§ Work item
Leave out the pictures and print precisely the lines from the line with "En ridder uden" to the final line of the entries, both ends included.

--------

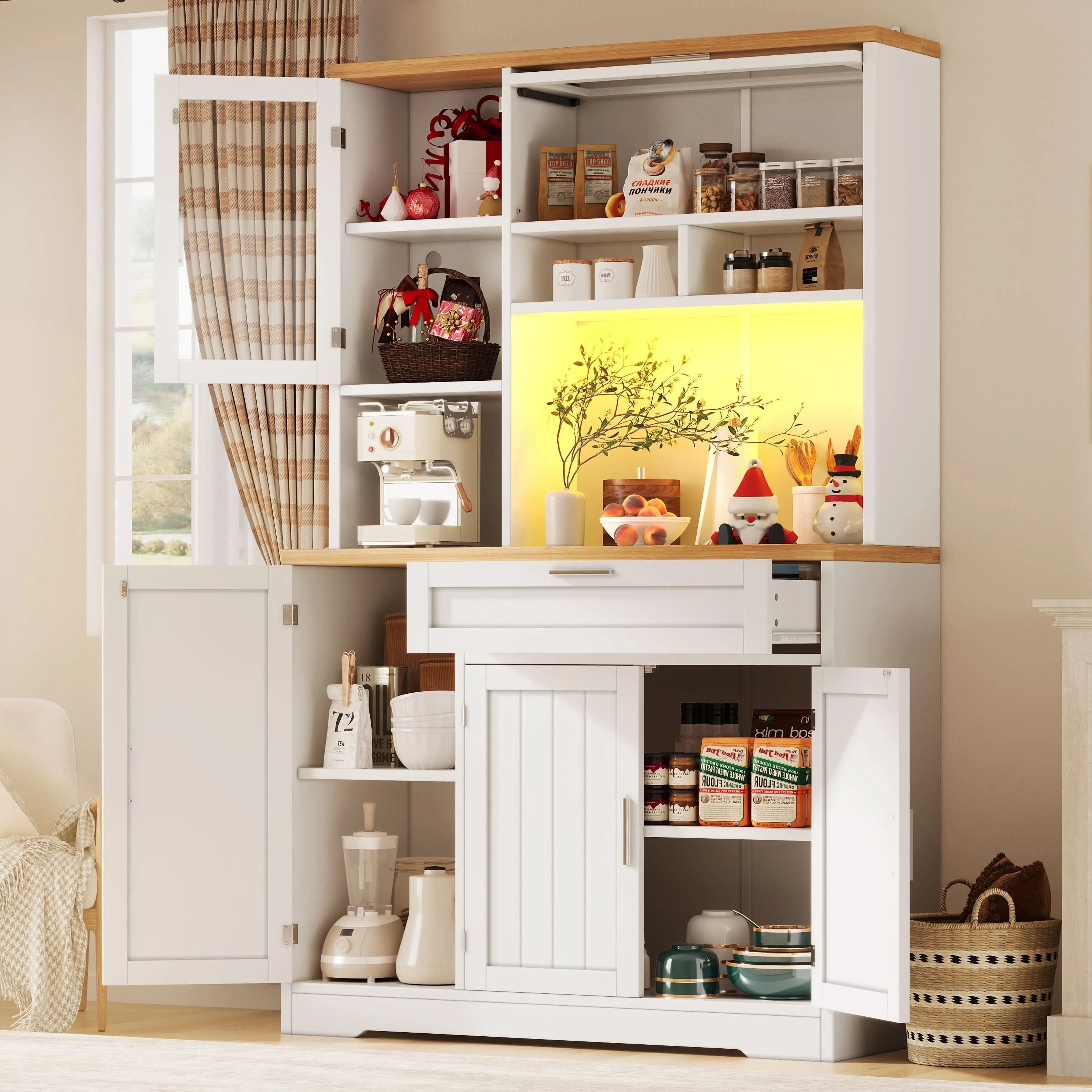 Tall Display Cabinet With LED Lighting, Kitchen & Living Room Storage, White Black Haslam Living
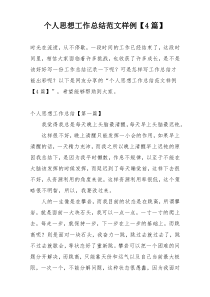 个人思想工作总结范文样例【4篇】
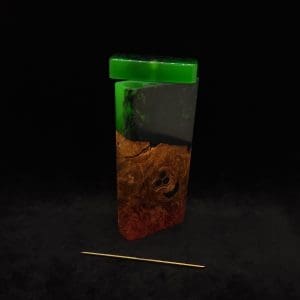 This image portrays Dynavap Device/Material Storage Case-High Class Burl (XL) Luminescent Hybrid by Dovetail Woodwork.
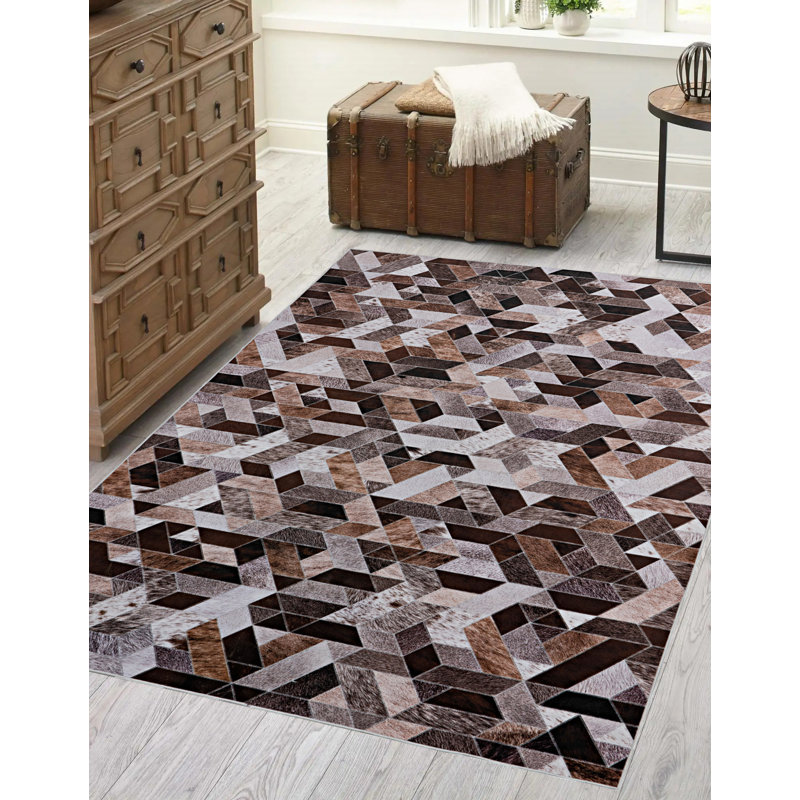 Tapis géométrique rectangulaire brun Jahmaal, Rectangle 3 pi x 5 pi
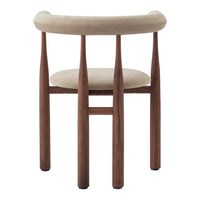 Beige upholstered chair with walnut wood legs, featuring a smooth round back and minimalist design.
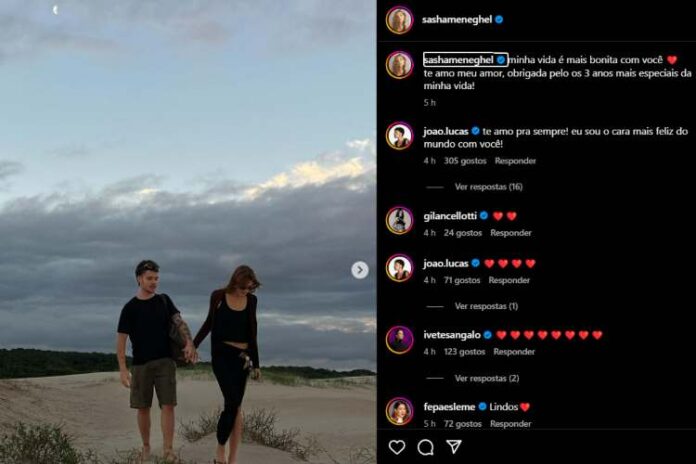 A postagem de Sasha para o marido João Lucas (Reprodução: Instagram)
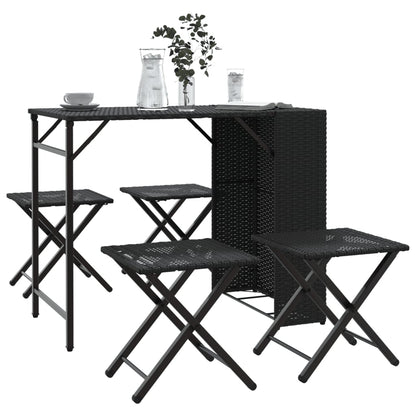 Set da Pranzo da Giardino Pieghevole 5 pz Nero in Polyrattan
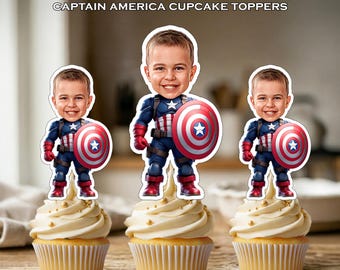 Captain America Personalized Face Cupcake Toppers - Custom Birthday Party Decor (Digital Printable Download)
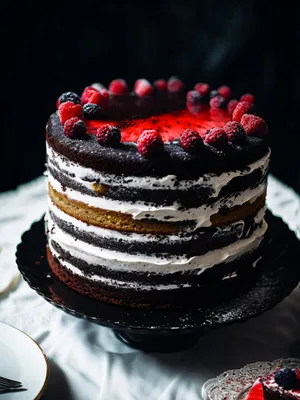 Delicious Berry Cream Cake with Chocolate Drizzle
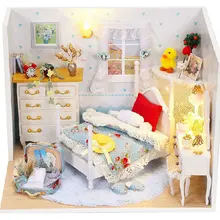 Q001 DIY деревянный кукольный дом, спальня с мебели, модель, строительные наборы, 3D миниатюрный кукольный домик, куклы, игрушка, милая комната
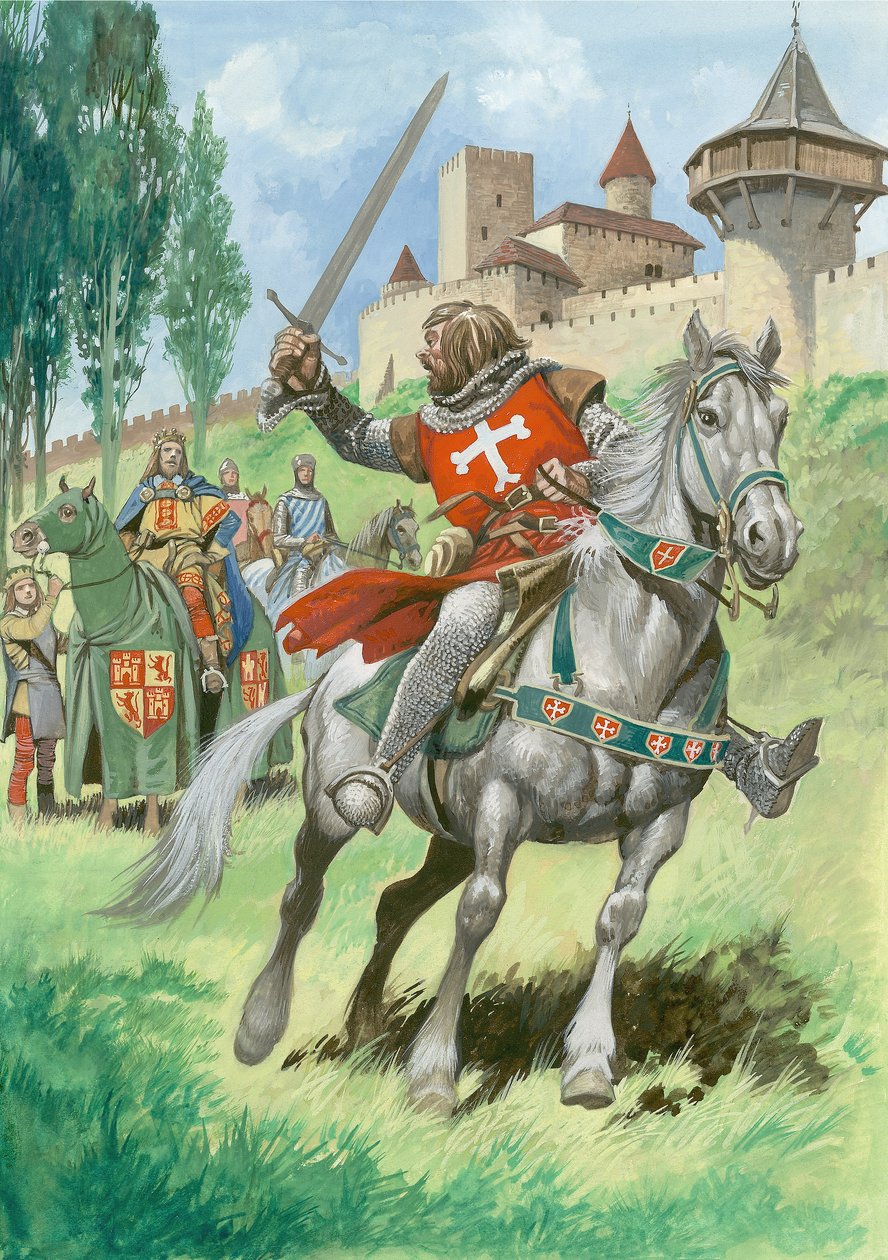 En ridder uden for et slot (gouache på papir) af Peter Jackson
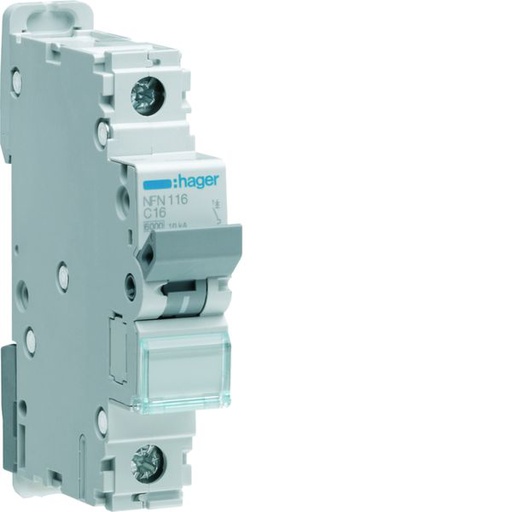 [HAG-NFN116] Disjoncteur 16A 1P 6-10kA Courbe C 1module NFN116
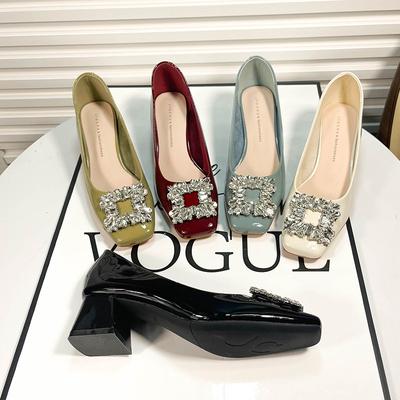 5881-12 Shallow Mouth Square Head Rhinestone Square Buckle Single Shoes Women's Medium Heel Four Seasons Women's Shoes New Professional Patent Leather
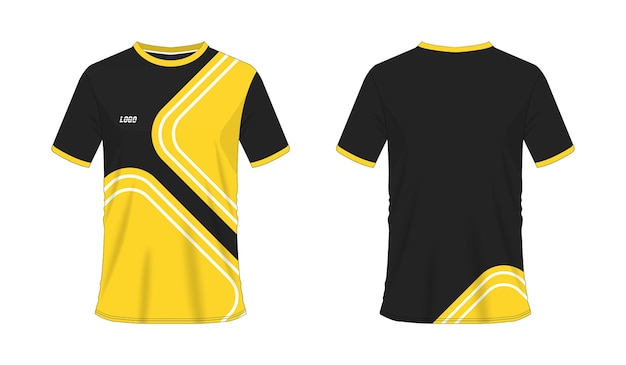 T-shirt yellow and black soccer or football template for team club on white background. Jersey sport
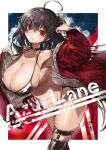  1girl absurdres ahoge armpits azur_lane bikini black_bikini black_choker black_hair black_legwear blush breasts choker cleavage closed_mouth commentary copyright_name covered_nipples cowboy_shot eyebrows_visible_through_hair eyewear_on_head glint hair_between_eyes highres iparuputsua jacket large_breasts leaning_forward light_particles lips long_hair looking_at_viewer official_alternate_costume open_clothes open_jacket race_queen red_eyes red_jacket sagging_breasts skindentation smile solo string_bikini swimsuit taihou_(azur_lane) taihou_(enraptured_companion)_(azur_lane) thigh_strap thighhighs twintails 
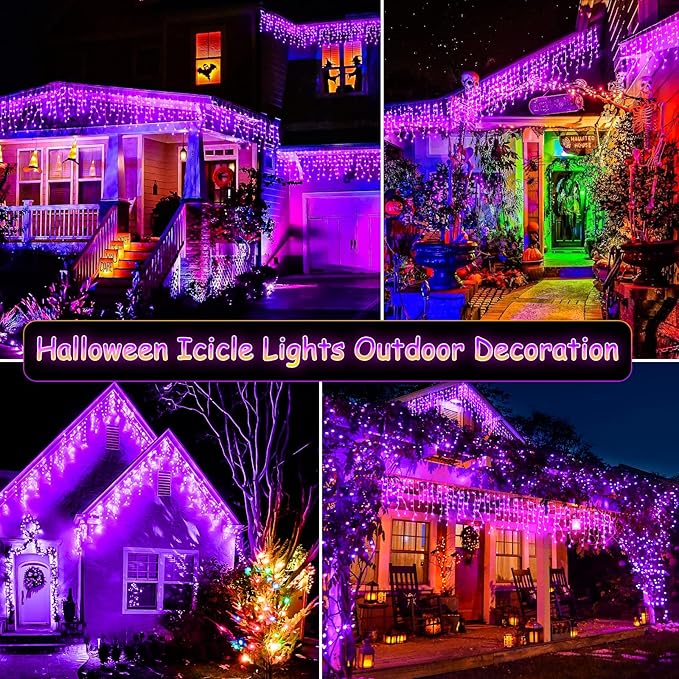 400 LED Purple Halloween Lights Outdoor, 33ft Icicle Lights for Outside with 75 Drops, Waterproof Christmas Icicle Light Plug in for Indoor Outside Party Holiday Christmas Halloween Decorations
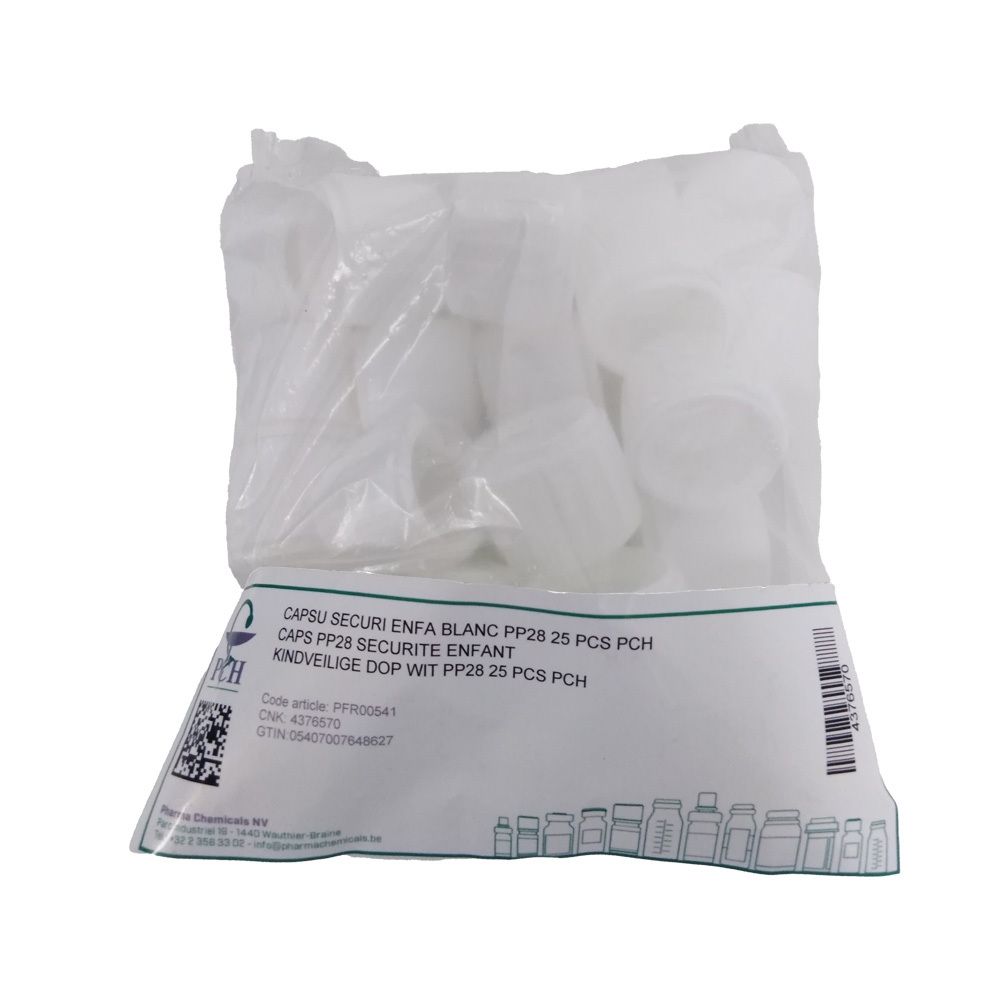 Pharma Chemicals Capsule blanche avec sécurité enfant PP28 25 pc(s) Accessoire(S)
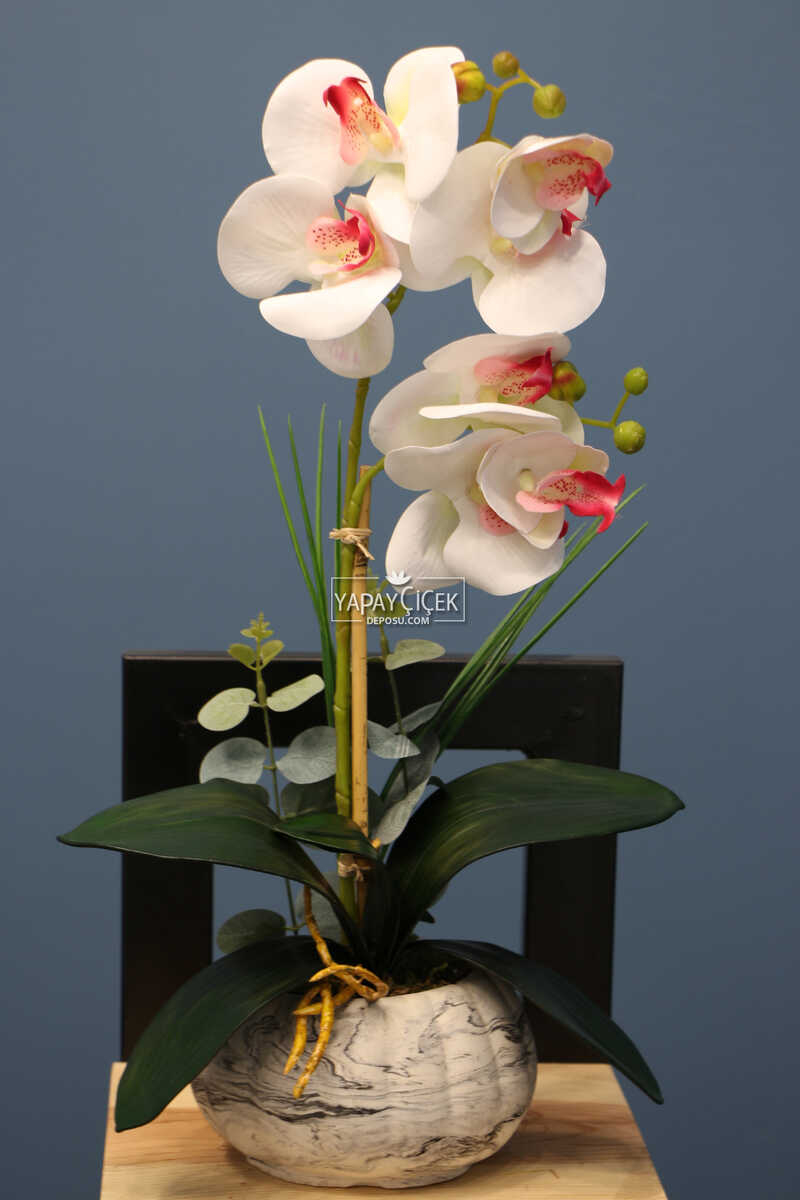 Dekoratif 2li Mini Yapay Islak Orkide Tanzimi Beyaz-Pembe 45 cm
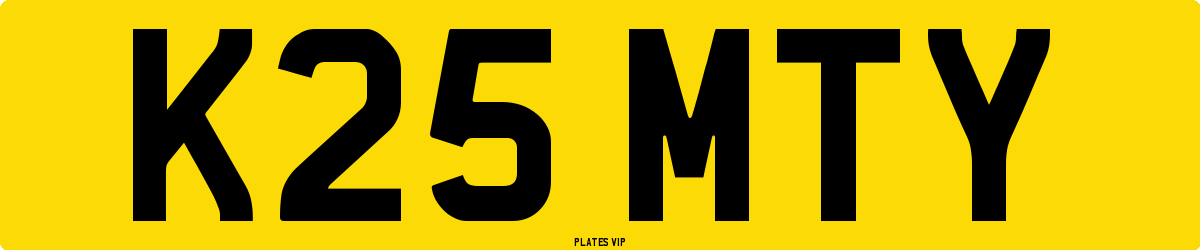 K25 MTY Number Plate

--------

§ Response area
 En ridder uden for et slot (gouache på papir) af Peter Jackson
 [HAG-NFN116] Disjoncteur 16A 1P 6-10kA Courbe C 1module NFN116
 5881-12 Shallow Mouth Square Head Rhinestone Square Buckle Single Shoes Women's Medium Heel Four Seasons Women's Shoes New Professional Patent Leather
 T-shirt yellow and black soccer or football template for team club on white background. Jersey sport
  1girl absurdres ahoge armpits azur_lane bikini black_bikini black_choker black_hair black_legwear blush breasts choker cleavage closed_mouth commentary copyright_name covered_nipples cowboy_shot eyebrows_visible_through_hair eyewear_on_head glint hair_between_eyes highres iparuputsua jacket large_breasts leaning_forward light_particles lips long_hair looking_at_viewer official_alternate_costume open_clothes open_jacket race_queen red_eyes red_jacket sagging_breasts skindentation smile solo string_bikini swimsuit taihou_(azur_lane) taihou_(enraptured_companion)_(azur_lane) thigh_strap thighhighs twintails 
 400 LED Purple Halloween Lights Outdoor, 33ft Icicle Lights for Outside with 75 Drops, Waterproof Christmas Icicle Light Plug in for Indoor Outside Party Holiday Christmas Halloween Decorations
 Pharma Chemicals Capsule blanche avec sécurité enfant PP28 25 pc(s) Accessoire(S)
 Dekoratif 2li Mini Yapay Islak Orkide Tanzimi Beyaz-Pembe 45 cm
 K25 MTY Number Plate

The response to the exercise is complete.